Skip ahead another 30 years...

The techniques and technology have become more sophisticated, but the general strategy remains identical.

The Syria crisis is swiftly escalating with the advent of yet another unverified chemical weapons attack on the civilian population that is being used as a broad permit for the Obama Administration to enter into open operations against the Assad government. A previous chemical attack at the beginning of this summer was left unverified, though the establishment went to great lengths to convince the American public that the Assad government was responsible. It certainly didn't help that the UN was relying purely on “samples” from a French evening newspaper called Le Monde rather than an officially sanctioned source, and that the UN was forced to acknowledge that the Syrian insurgents may have been involved.

Today, the mainstream media and the U.S. government references “strong indications that Syria’s government used chemical weapons in attacks that opposition groups claimed killed more than 1,100 people” as if their version of events is already considered concrete reality:

http://online.wsj.com/article/SB10001424127887324165204579026123332790830.html

But where are these “strong indications”? Where is this unassailable evidence of Assad's involvement?

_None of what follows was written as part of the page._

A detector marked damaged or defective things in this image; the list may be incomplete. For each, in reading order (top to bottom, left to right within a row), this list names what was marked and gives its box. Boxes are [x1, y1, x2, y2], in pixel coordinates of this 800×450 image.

The American public hasn't been given a scrap of verifiable data concerning the attack and its origin. Once again, we are being asked to accept on simple “faith” that our government is telling us the truth and that military intervention must be supported.

Here is what we DO know for a fact...

The Syrian insurgency is made up primarily of Al Qaeda operatives (terrorists and criminals).

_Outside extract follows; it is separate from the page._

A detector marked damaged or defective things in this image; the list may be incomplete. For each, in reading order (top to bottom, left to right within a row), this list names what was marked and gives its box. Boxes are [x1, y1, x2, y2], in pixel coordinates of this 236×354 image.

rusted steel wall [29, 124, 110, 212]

http://www.usatoday.com/story/news/world/2013/04/11/syria-al-qaeda-connection/2075323/

The CIA trained and supported these operatives using Bengahzi as a base for at least a year before the Bengahzi attacks.

http://thelead.blogs.cnn.com/2013/08/01/exclusive-dozens-of-cia-operatives-on-the-ground-during-benghazi-attack/

http://www.latimes.com/news/world/worldnow/la-fg-wn-cia-syria-20130621,0,6346686.story

Syrian insurgents have been caught on numerous occasions committing startling crimes, including the torture and murder of civilians, and the mutilation of prisoners and even their corpses. Captured Syrian soldiers are commonly executed.

<a href="http://www.youtube.com/v/Rpee0dOcoqg?feature=player_embedded" target="_blank" class="new_win">http://www.youtube.com/v/Rpee0dOcoqg?feature=player_embedded</a>

The U.S. government continues to support the insurgents despite their death squad mentality, supplying heavy weapons including anti-aircraft missiles.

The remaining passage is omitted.